What's still needed for running Flux as the system RM in production #5165

ryanday36 · 2023-05-09T23:58:19Z

ryanday36
May 9, 2023

Features / requirements for the Flux system instance that we want / need before we run it as the system level resource manager on production systems. This list is intended to only include feature requests, so doesn't include issues like the recently discovered ability of users to hang up the KVS. Items with a '*' have relatively straightforward workarounds or are otherwise lower priority.

cluster management features

Restart without killing running jobs:

Related is the ability to change more configuration options without restarting, but being able to restart without killing jobs would make that less important.

Contain user jobs:

~~Limit users to X% of memory to avoid OOMs. Constrain jobs to assigned resources on clusters where users can share nodes.~~

Cluster usage:

Track overall cluster usage as a function of time for reporting (%down, %idle, %running, %reserved)

*Backup / archive job records:

Preferably in some sort of plain text. Note: I can do this outside of Flux.

*Flux administrators:

Give specified users the ability to run system level commands, see others jobs, etc. Note: it might make more sense to just give specified users 'sudo flux ...'

user management features

Preemptable jobs:

AKA 'standby' qos / queue. Allow users to submit jobs that can be killed automatically by the system instance if another job needs the resources.

Exempt jobs:

Allow jobs to be modified to exceed ~~system and~~ accounting limits.

Exempt / expedite users:

Give specified user+banks the ability to submit jobs that are preemptable or exceed limits or have 'expedite' priority.

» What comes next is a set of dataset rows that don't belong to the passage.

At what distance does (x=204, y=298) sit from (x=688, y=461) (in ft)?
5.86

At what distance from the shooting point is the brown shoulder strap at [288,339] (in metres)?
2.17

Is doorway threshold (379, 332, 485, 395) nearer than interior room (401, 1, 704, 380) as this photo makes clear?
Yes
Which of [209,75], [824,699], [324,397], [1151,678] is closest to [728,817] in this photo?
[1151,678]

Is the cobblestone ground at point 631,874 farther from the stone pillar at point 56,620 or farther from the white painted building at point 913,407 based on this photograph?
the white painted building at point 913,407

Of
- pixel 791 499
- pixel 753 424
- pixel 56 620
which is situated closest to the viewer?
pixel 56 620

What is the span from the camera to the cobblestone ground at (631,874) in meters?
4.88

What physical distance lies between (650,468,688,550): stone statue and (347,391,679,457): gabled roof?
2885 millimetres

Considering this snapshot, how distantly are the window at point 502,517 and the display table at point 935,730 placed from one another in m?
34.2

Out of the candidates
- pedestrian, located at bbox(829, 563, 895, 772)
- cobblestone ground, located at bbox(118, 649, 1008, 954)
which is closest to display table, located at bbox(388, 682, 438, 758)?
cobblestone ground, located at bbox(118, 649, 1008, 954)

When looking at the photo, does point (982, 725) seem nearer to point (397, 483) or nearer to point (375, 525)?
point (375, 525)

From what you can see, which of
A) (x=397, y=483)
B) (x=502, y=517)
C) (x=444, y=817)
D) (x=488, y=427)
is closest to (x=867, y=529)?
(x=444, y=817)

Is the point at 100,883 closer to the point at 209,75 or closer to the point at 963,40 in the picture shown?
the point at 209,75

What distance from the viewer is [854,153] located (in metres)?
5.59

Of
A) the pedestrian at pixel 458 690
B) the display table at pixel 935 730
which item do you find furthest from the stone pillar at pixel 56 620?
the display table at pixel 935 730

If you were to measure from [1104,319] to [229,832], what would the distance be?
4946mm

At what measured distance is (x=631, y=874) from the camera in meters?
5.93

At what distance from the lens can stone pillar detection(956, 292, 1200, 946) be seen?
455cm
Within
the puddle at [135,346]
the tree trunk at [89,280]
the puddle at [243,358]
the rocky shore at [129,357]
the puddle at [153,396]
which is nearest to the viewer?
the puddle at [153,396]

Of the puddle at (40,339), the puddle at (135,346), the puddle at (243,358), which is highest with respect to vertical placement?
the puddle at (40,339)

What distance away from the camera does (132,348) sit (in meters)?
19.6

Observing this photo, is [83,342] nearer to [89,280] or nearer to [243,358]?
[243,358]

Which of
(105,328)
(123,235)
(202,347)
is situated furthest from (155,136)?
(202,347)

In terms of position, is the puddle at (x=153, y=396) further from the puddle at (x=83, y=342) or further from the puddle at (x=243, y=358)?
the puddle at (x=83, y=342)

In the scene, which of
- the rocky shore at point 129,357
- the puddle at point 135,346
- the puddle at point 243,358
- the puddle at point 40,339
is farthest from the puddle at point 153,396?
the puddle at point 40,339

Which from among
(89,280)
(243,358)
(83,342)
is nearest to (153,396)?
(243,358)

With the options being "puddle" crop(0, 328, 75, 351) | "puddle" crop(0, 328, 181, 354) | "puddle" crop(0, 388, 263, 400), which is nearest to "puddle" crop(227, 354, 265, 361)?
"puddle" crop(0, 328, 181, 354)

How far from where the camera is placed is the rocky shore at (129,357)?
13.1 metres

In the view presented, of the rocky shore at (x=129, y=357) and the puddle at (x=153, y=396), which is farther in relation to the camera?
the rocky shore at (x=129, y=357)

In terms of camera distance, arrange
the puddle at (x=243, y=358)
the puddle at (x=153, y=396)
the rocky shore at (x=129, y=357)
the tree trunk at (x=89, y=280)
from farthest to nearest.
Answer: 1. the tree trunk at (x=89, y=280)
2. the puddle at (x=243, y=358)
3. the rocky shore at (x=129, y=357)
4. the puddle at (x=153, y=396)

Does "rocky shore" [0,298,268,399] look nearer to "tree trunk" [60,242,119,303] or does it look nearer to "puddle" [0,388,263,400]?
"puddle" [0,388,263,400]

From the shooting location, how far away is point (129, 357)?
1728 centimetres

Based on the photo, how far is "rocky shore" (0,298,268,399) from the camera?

Advanced reservations (DATs):

Specify a subset of a cluster's resources that can only be accessed by a specified user list in a specified time range.

Enforce more limits:

Enforce Flux accounting limits that aren't yet enforced (e.g. total nodes across all of a user+banks jobs)

*Projects (wckeys):

A means of tracking usage that is orthogonal to banks. users are assigned projects that they may tag their jobs with, one of which is a default project that is assigned to jobs where the user doesn't specify a project. Note: I can do this outside of Flux.

*Usage reporting tools:

Collated usage by user+bank and user+project per day to allow fast usage reporting. Note: I can also do this outside of Flux.

job management options

Modify jobs:

Allow users to change ~~time limits~~, dependencies, job names, etc. on jobs after submission.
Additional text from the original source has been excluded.